* _EXTRACTED ENTRIES_:

..............................

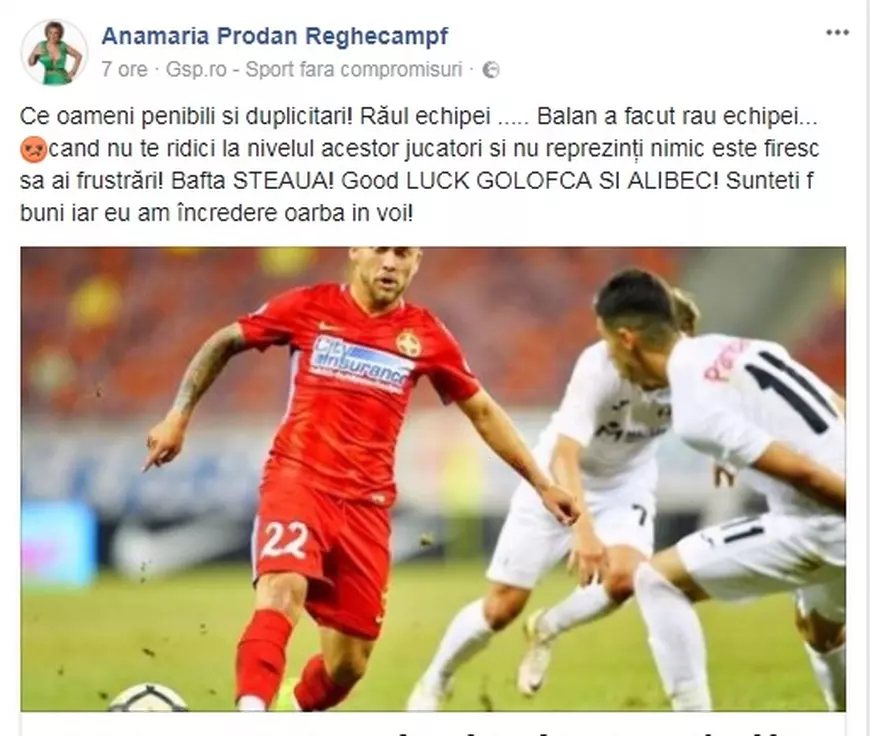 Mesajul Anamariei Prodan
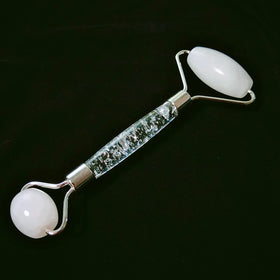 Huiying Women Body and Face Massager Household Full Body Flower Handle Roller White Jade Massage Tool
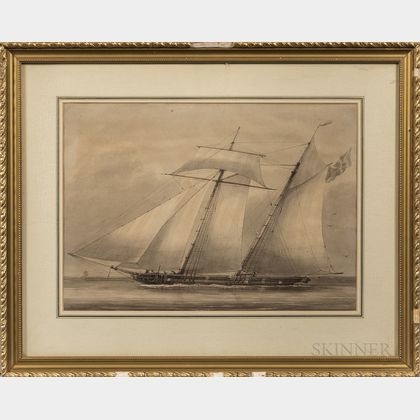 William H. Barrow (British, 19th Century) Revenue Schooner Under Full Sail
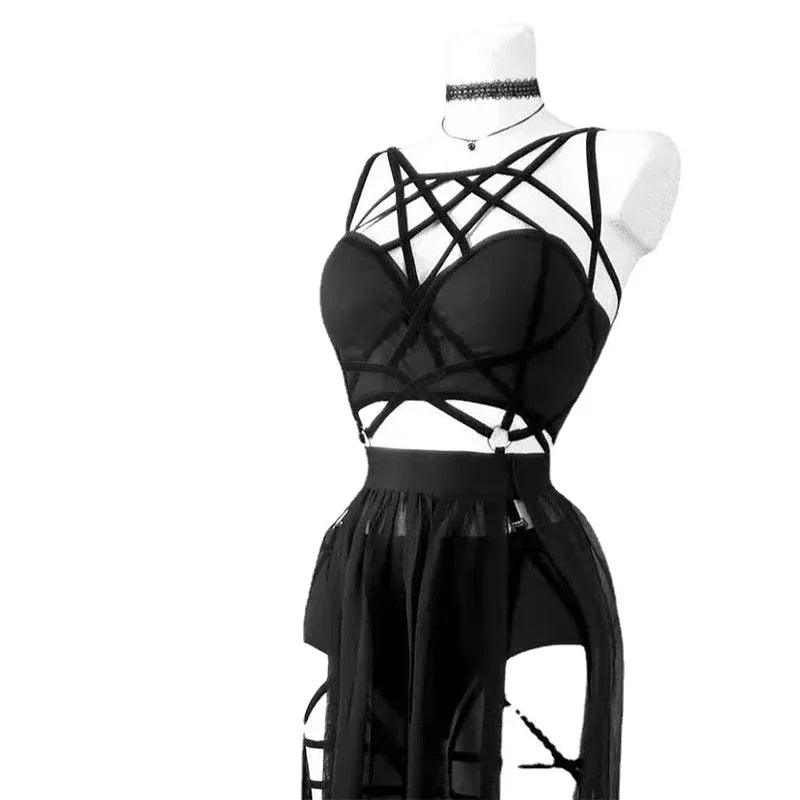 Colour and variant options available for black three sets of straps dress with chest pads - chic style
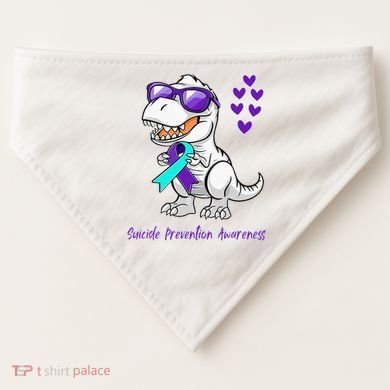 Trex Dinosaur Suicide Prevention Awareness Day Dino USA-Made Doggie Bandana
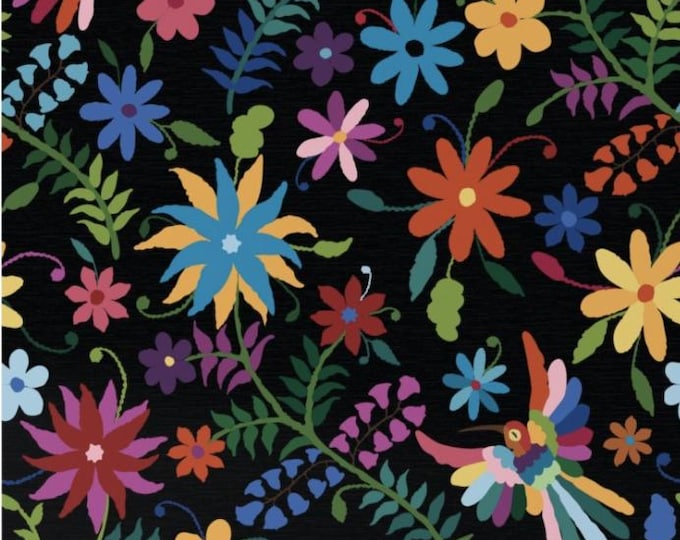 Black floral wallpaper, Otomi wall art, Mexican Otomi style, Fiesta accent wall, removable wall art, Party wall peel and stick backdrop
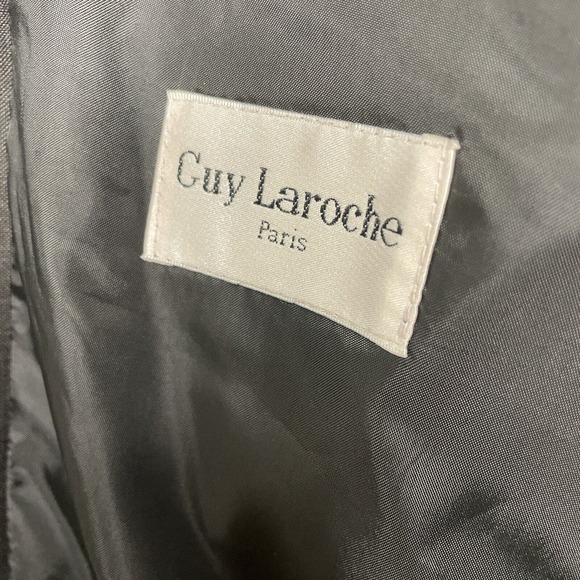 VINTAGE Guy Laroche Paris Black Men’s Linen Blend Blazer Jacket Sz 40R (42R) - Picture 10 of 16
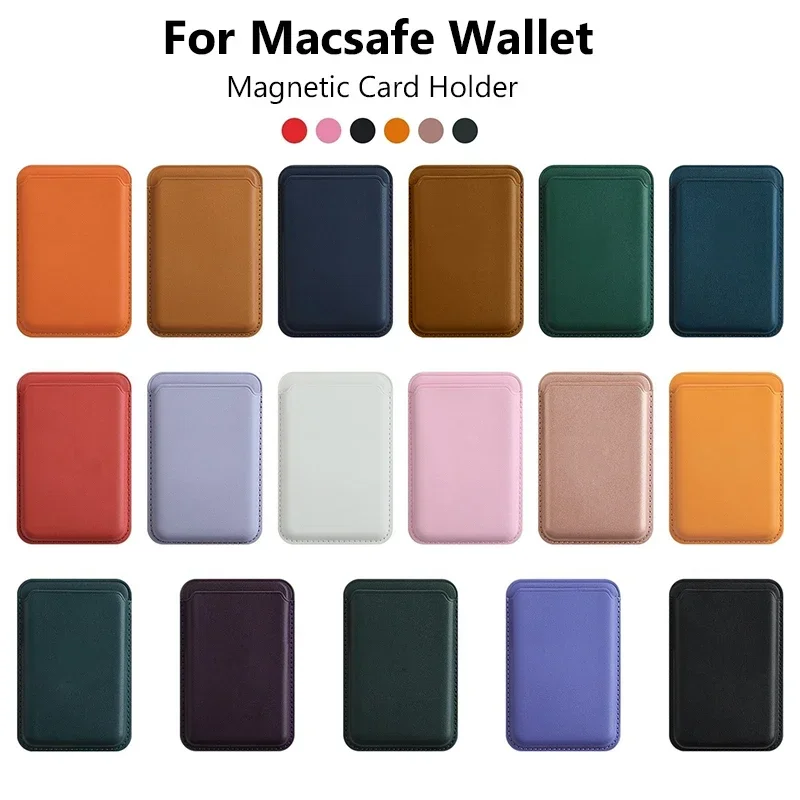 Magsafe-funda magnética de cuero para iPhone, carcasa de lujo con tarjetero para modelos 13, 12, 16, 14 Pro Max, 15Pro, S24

..............................

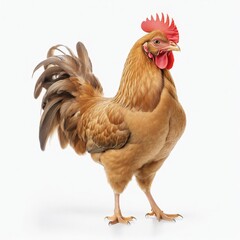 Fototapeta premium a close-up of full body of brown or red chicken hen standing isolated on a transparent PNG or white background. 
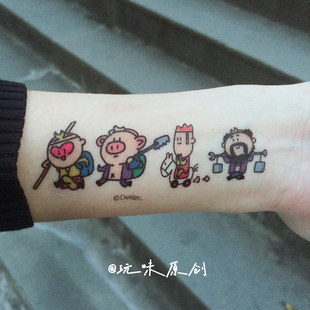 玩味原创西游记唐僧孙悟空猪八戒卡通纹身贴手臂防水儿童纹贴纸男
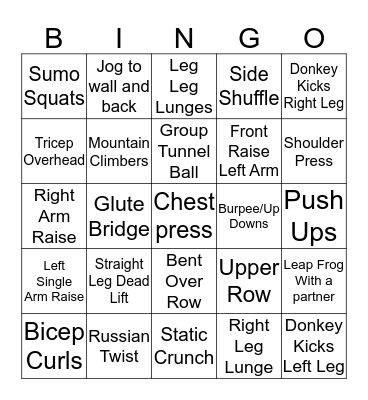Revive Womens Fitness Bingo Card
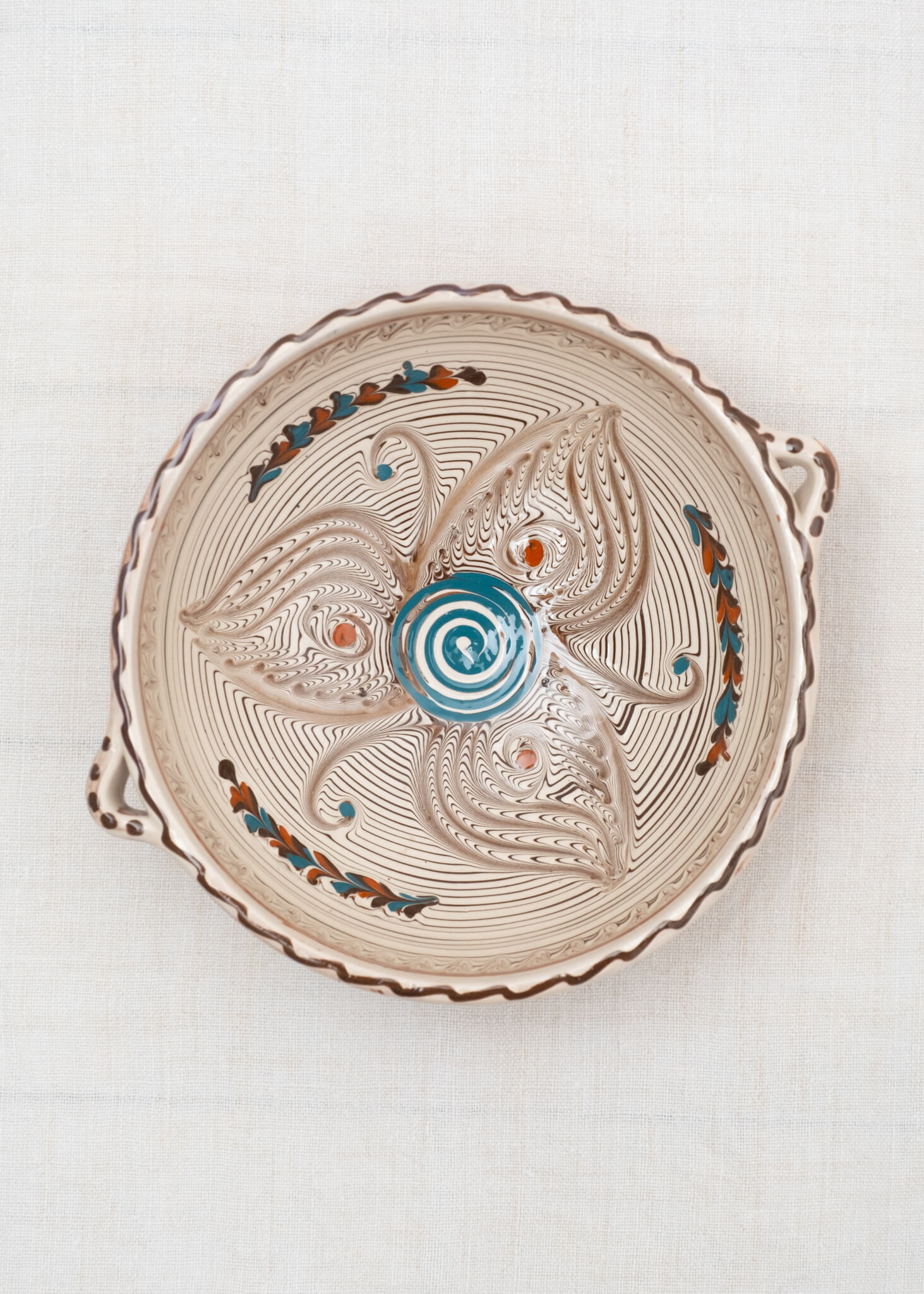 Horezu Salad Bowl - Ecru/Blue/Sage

..............................

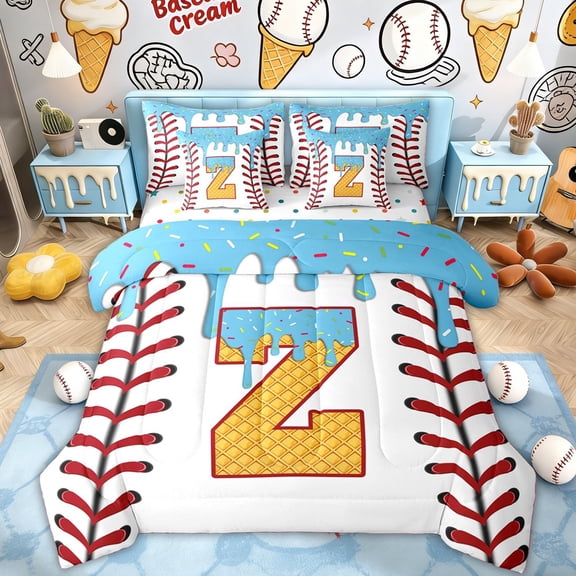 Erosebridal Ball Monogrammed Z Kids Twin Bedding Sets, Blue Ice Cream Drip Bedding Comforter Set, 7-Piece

..............................

Using the entries above, extract exactly the lines from the one that contains "Black floral wallpaper, Otomi" through the one that contains "Magsafe-funda magnética de". Do not carry over any pictures.

* _ANSWER BOX_:
 Black floral wallpaper, Otomi wall art, Mexican Otomi style, Fiesta accent wall, removable wall art, Party wall peel and stick backdrop
 VINTAGE Guy Laroche Paris Black Men’s Linen Blend Blazer Jacket Sz 40R (42R) - Picture 10 of 16
 Magsafe-funda magnética de cuero para iPhone, carcasa de lujo con tarjetero para modelos 13, 12, 16, 14 Pro Max, 15Pro, S24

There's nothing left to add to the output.